There are two extremes in the class of possible algorithms. One extreme is the deterministic one, where rewrites are done whenever possible, in the order of preference from a list, so that the possible conflicting patterns are always solved in the same way. The other extreme is the purely random one, where patterns are randomly detected and then executed or not acording to a coin toss.

Now, a quine in this world is by definition a graph which has a periodic evolution under the deterministic algorithm.

The interesting thing is that a quine, under the random algorithm, has some nice properties, among them that it has a metabolism, can self-replicate and it can also die.

Here is how a quine dies. Simple situation. Take a chemlambda quine of period 1. Suppose that there are two types of rewrites, the (+) one which turns a pattern of 2 nodes into a pattern of 4 nodes, the other (-) which turns a pattern of 2 nodes into a pattern of 0 nodes (by gluing the 4 remaining dangling links in the graph).

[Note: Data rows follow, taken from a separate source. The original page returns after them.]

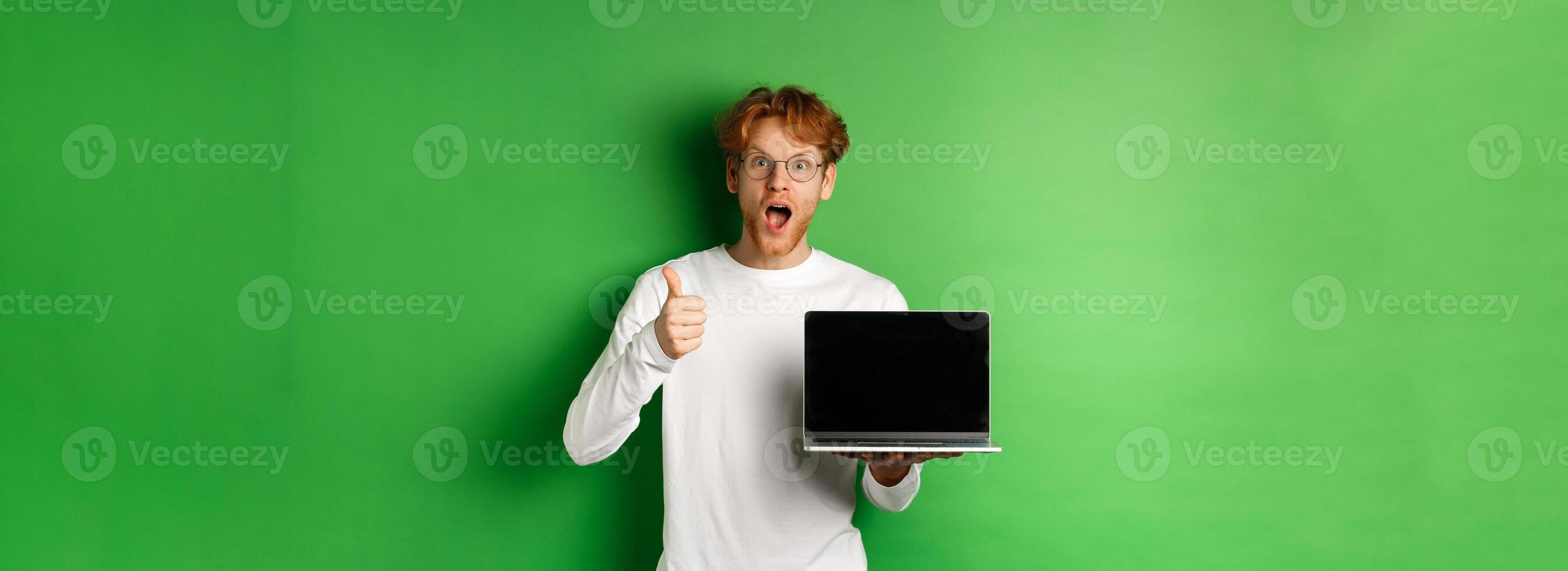 Impressed caucasian man with red hair and beard, showing blank laptop screen and thumb-up, looking amazed at camera, praising something online, green background photo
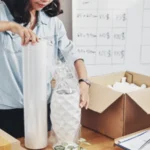 Woman packing something in box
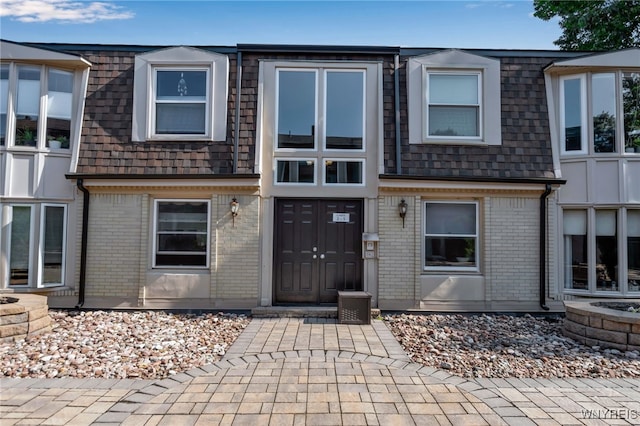 32 Bernhardt Dr Unit 5, Amherst, NY 14226 - view of front facade with mansard roof, brick siding, and roof with shingles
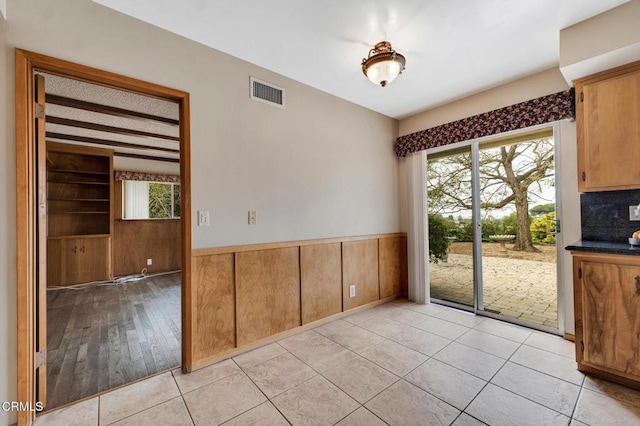 1530 Calle Portada, Camarillo, CA 93010 - unfurnished dining area with wood walls, wainscoting, visible vents, and light tile patterned floors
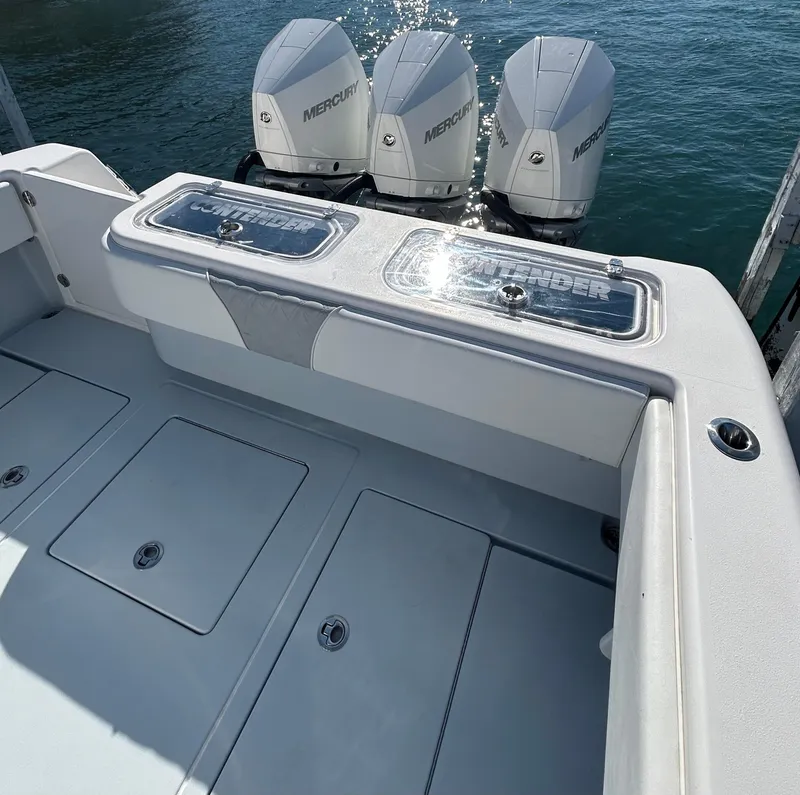Slide: The Image of 2022 Contender 35 ST boat with triple Mercury engines on calm water. - 15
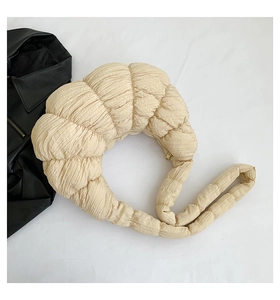 Detail view of cream pleated croissant bag with gold zipper and stylish wide shoulder strap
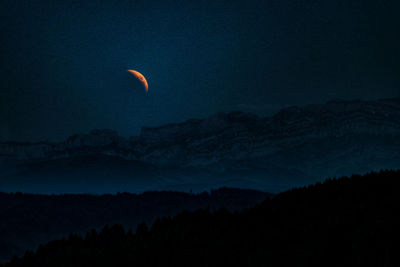 Scenic view of silhouette mountains against sky at night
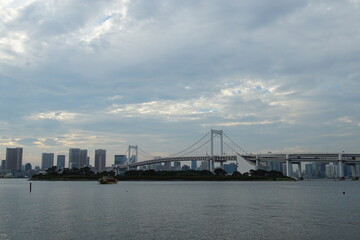 landscape of Odaiba rainbow bridge and cloudy sky, Tokyo, Japan 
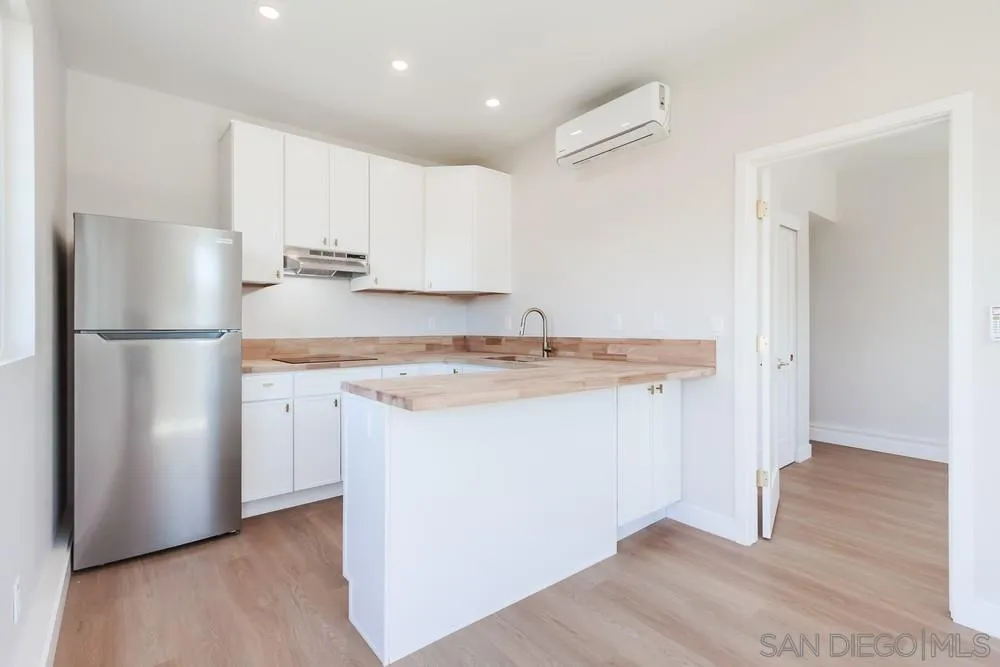 122 Lancer Avenue Oceanside, CA 92058 - Photo 35 of 67 a kitchen with stainless steel appliances granite countertop a refrigerator and a stove top oven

Then each (+) rewrite gives you 4 possible new patterns (one/node) and each (-) rewrite gives you 2 possible new patterns (because you glued two links). Mind that you may get 0 new patterns after a (+) or (-) rewrite, but if you think that a node has an equal chance to be in a (+) pattern or in a (-) pattern, then there is twice as possible that a new pattern comes from a (+) rewrite than from a (-) rewrite.

Suppose that in the list of preferences you always put the (+) type in front of the (-) one. It looks that in this way graphs will tend to grow, right? No!

In a quine of period 1 the number of (+) patterns = number of (-) patterns.

Hence, if you use the random algorithm, the non execution of a (+) rewrite is twice more probable to affect future available rewrites than the non-execution of a (-) rewrite.

In experiments, I noticed lots of quines which die (there are no more rewrites available after a time), some which seem immortal, and no example of a quine which thrives.”